### Data extracts
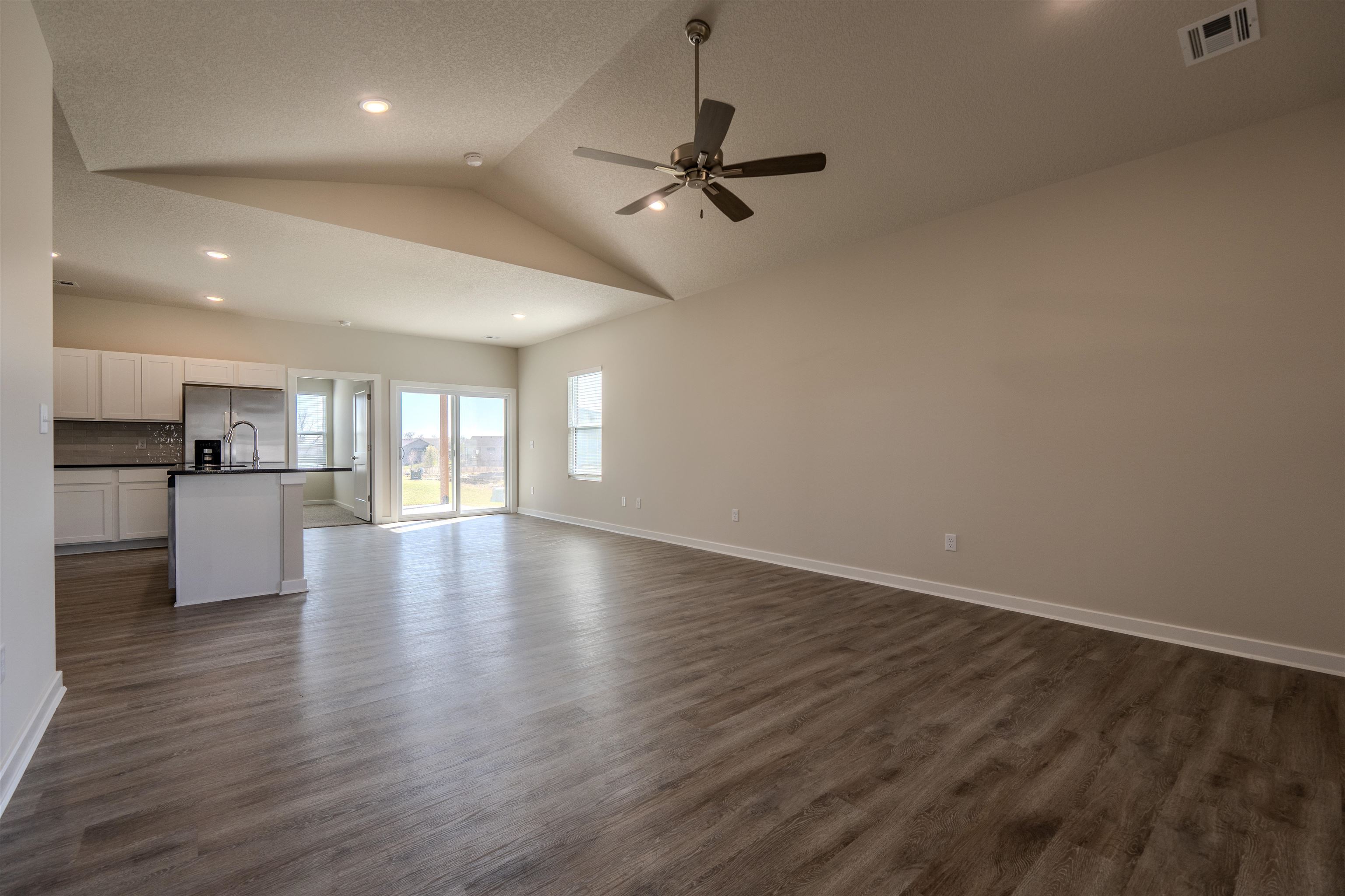2390 E Thunder Property Photo 6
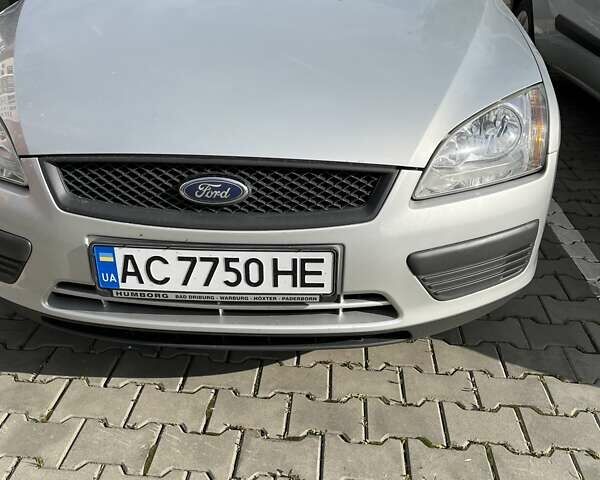 Сірий Форд Фокус, об'ємом двигуна 1.56 л та пробігом 226 тис. км за 5100 $, фото 1 на Automoto.ua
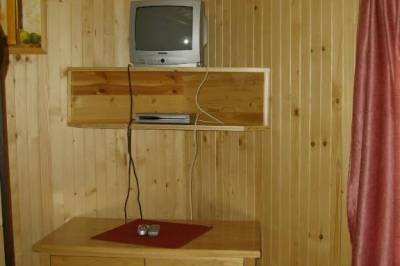 Trojlôžková chatka - TV v obývačke, Chaty Dagmar, Liptovský Mikuláš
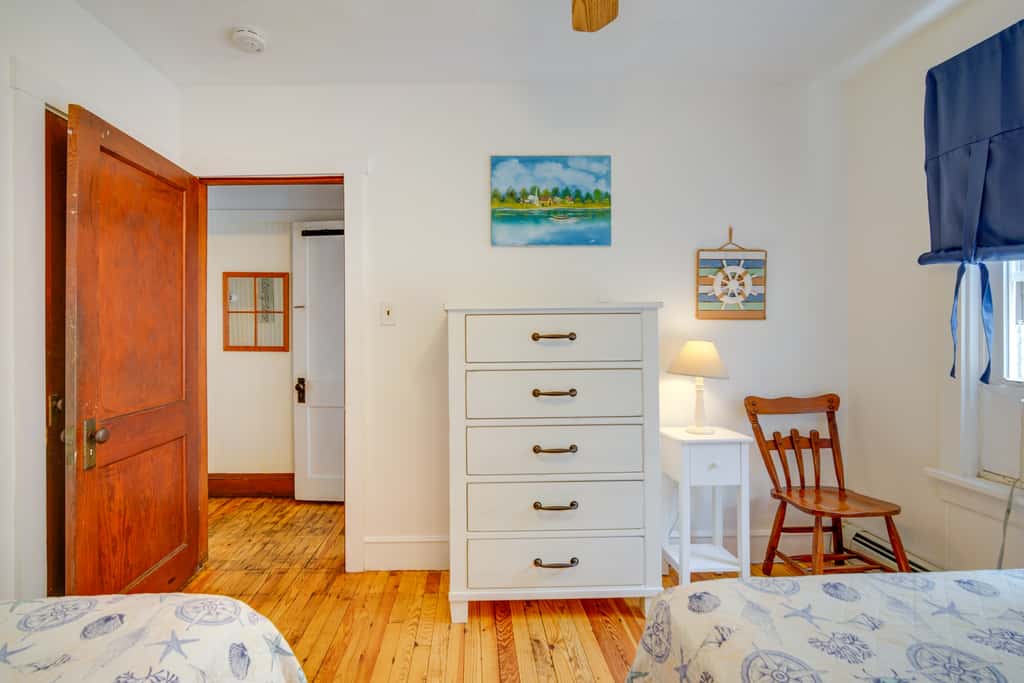 Near Convention Center & Boardwalk! Apt w/ Sunroom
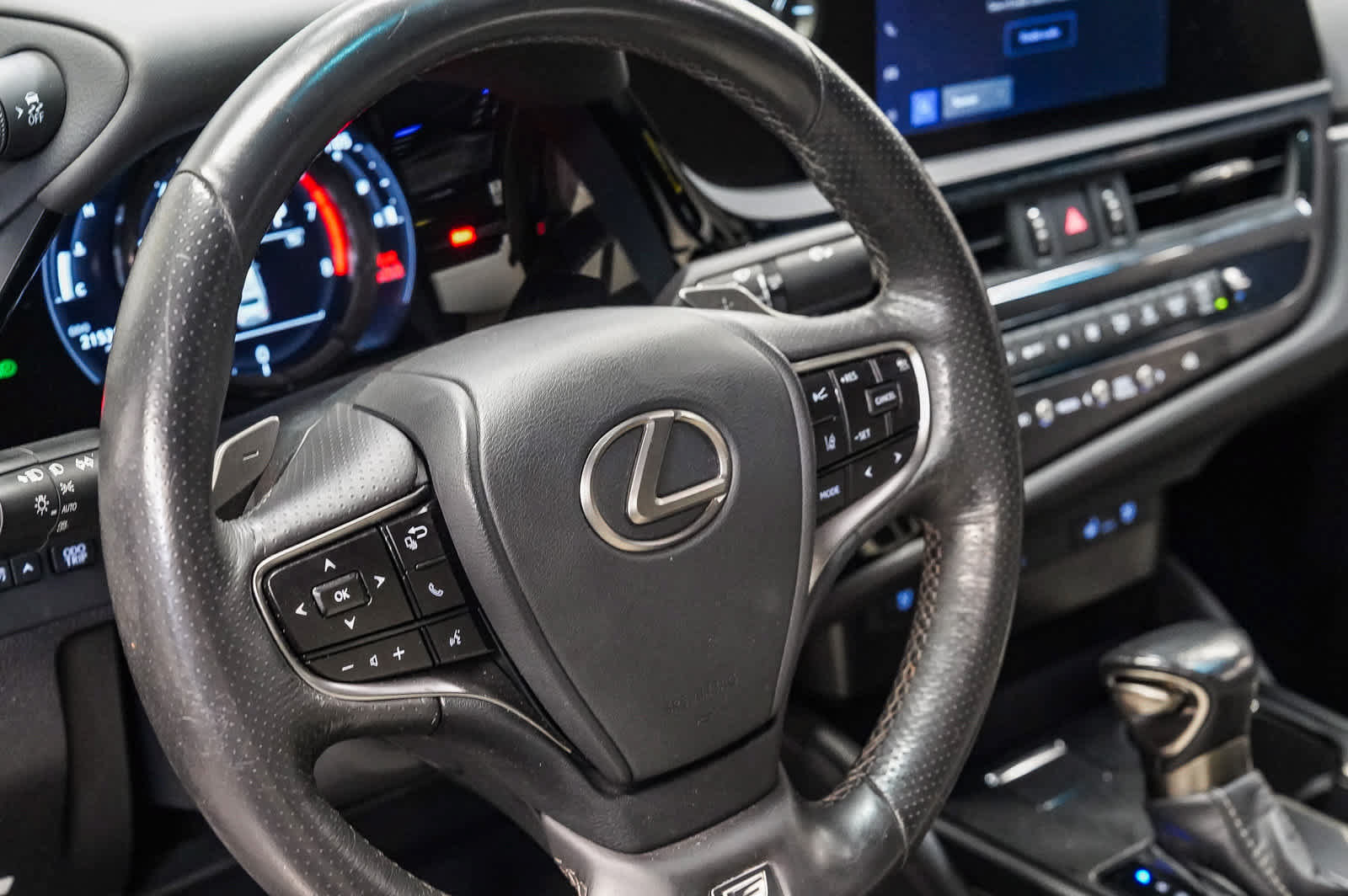Used 2023 Lexus ES 350 F Sport w/ Accessory Package (Z2) FWD image 21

### Task requirements
Give again, word for word, every line from the top of the entries above to the line holding "Near Convention Center", both included. Leave the pictures out.

### Exercise solution
2390 E Thunder Property Photo 6
 Сірий Форд Фокус, об'ємом двигуна 1.56 л та пробігом 226 тис. км за 5100 $, фото 1 на Automoto.ua
 Trojlôžková chatka - TV v obývačke, Chaty Dagmar, Liptovský Mikuláš
 Near Convention Center & Boardwalk! Apt w/ Sunroom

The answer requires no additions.